This post will mostly be pics with some brief discussions and justifications as there is just gobs (and gobs) of info out there about tridents and I’d just be duplicating it all.
What I’ll focus on is the different approach I’ll be using with this tree.
What’s odd about the tree is the double trunk aspect of it.
It quite obviously gives it an unusual look to it, with very much some bit of obverse taper as well.
I think that the age of the tree gives it the right to have somewhat of a thickening in the middle, though.
If you actually (really and truly) observe some really old trees in nature you will notice a distinct lack of taper in them.
Especially a deciduous tree.
But I have a feeling that no matter what justifications and examples I use when styling this tree, there will be those who say that it’s not very bonsai-ish.
I’m the artist now, aren’t I?
Don’t ask me what the wire’s for.
My first cuts will be in the root area.
I know it seems counter to what we are taught about a wide nebari but I’m actually going to cut the roots back.
The roots should be wide but they should also descend into hell (sorry, the soil) evenly and gradually.
Now, the chopping on top.
The idea is pretty straightforward:
I’m cutting for ramification and taper.
“But didn’t you just say that taper didn’t happen on old trees, Adam?”
On the trunk, not usually (I know that some of you out there have googled “old trees” and you’re ready to email me with examples of old tapering trees, go ahead) but the branches will taper. (Go ahead, look at Google images again).

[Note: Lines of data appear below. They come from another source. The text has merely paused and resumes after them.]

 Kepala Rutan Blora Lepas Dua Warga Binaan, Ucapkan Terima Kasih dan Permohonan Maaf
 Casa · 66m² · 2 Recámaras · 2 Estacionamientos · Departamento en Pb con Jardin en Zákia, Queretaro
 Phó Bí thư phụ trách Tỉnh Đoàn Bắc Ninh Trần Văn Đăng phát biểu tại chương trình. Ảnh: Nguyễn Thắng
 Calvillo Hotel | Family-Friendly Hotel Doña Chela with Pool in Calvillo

And since I don’t have a tapering trunk to force the perspective visually, I must use the branches.
It will make the tree seem taller this way and it’ll shift the viewer’s angle to a “far view” tree instead of the current fad of “near view” trees.

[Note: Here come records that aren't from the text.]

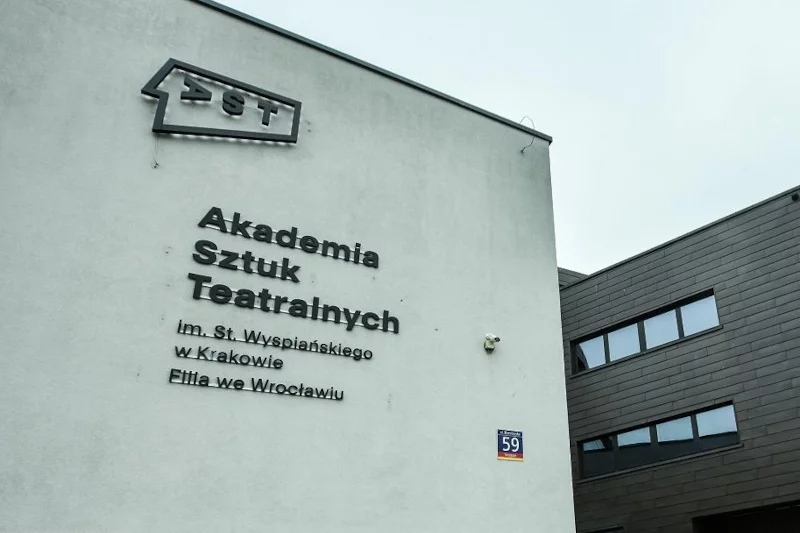 AST we Wrocławiu. Wykładowczyni obrażała studentów i łapała ich za krocze podczas zajęć.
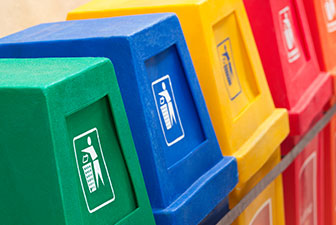 UHF Solution for Tracking Trash Bins in Italy 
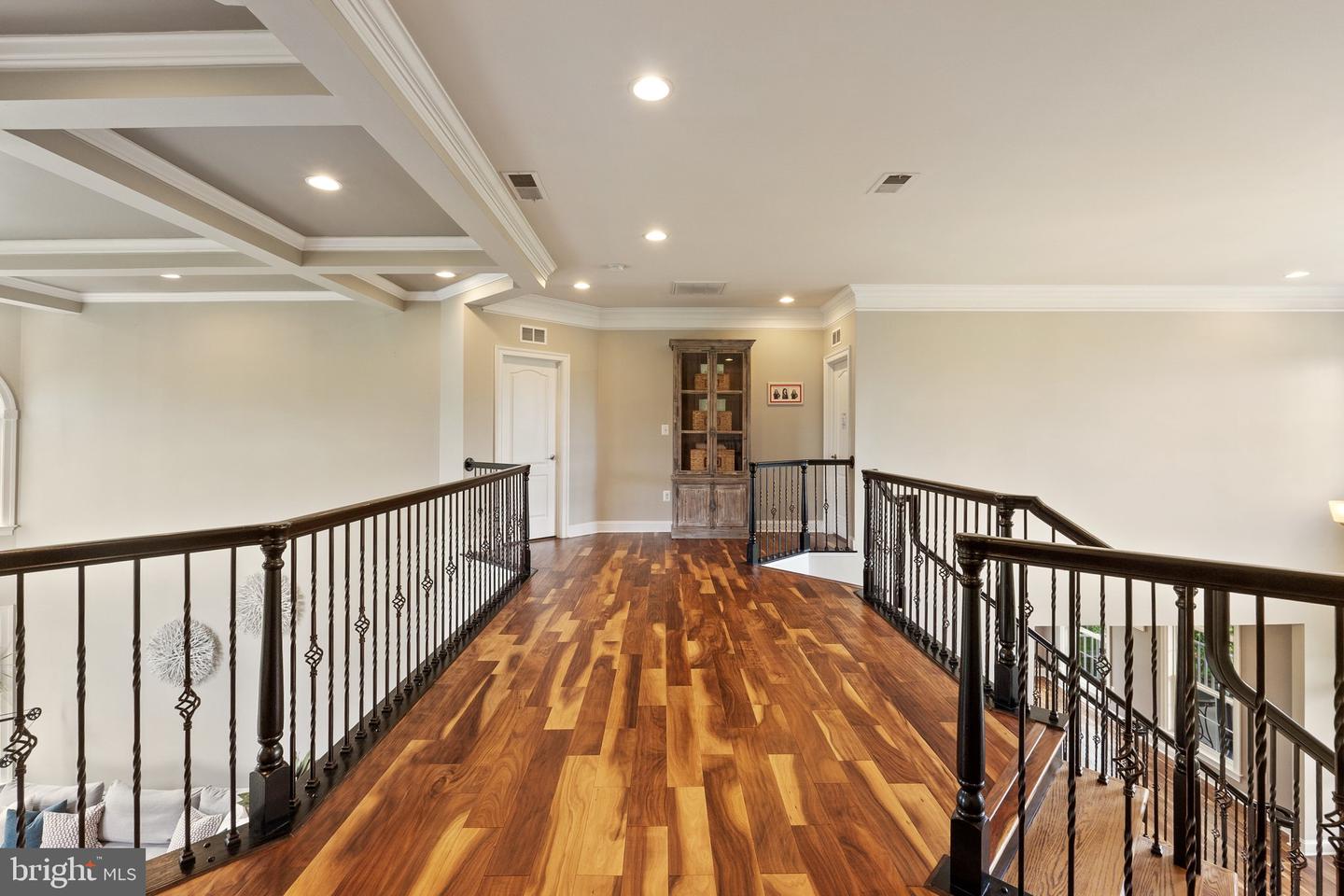15054 Omega Ct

Now, even after all that, I think I’ll do some really controversial styling.
There are some spots that I think can be enhanced with the addition of hollows and Shari.

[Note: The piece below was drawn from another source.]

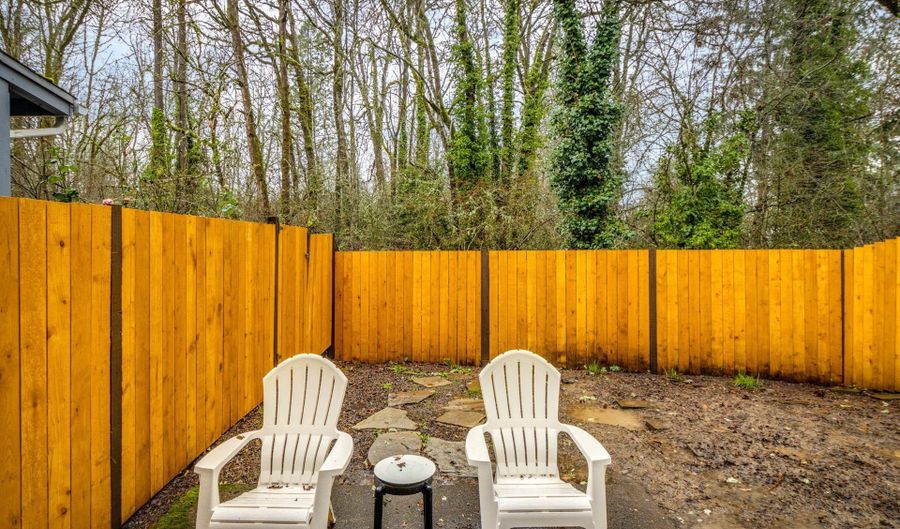 18067 SW NIKS Dr, Beaverton, OR 97003 - 3 Beds, 2 Bath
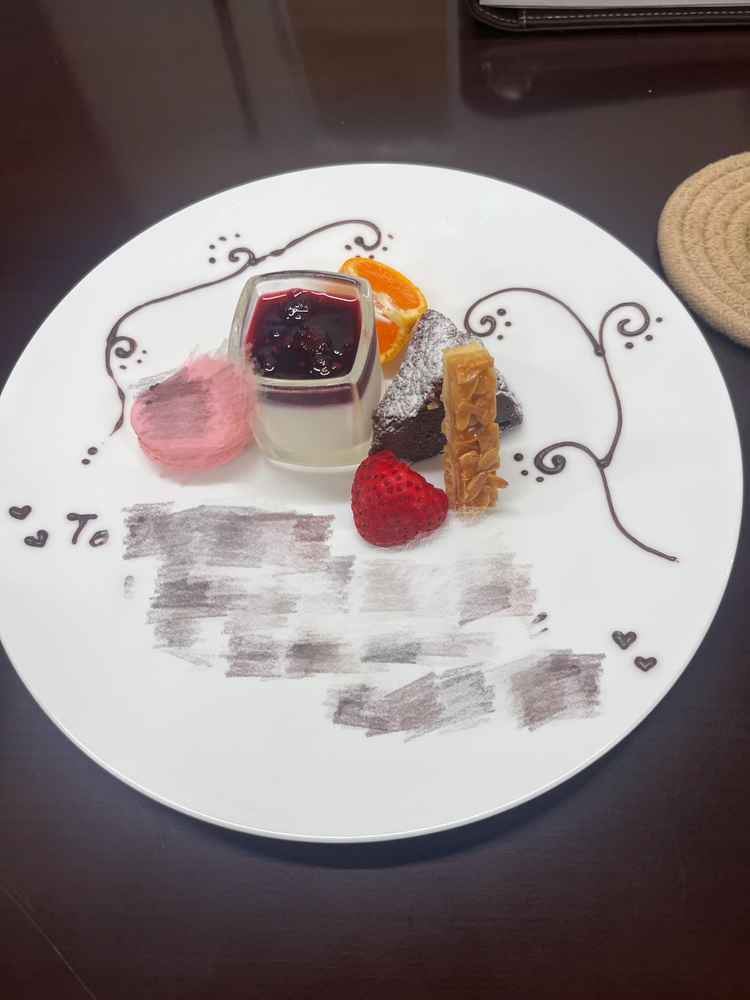 最後に出てきたデザートプレート。これはサプライズでした！！すごく素敵で驚きました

The idea is that the tree will rollover the hollow areas I carved and there will be spooky dark holes for all kinds of scary creatures to live in.
Which is a characteristic of many old, deciduous trees.
Now a little root pruning (it is February in Florida. You might do the root pruning at a different time than I do. Check your local listings for show times).
I don’t have a pot large enough for this tree so it’ll have to go back into this mixing tub.
This is how it is currently situated:
This is how I’d like it to sit:
A wee bit of root chopping:
Some new soil.
And viola (or “Bob’s yer uncle” or “stick a fork in it, it’s done):
To prove that I’m not slipping, I left one branch that I could wire, so I did:
And the inevitable sketch-
I fertilized the tree to push some growth.
If you’re trying for ramification though, it’s not a good idea to fertilize in the spring. You want slower growth so the internodes are shorter.
In this case I want excessive growth to speed up the healing on those branch chops and to give me options to start on some good branch selection.
And to give me something to wire too.
My hands are shaking, I’m going through wiring withdrawal.
so very sorry about your lack of ability to do some wiring….but that’s a hunka hunka bonsai wood…(sang to an Elvis tune) This is gonna be an impressive trident!
Wow! Amazing step by step explanation of how to tackle a trident Maple. I have one pre-bonsai. It has a great trunk with hollows that ask for a good shari. Your picture tour helps me in my own choices.
Here in Amsterdam region its a bit colder and the tree is still in it’s buds. About to make new leaves.
Did some pruning when the tree was stil in winter rest. Now I wait for the tree to fully grow its first leaves. When this is done, I can work on the shari.
Thanks again for your great explanation on your tree.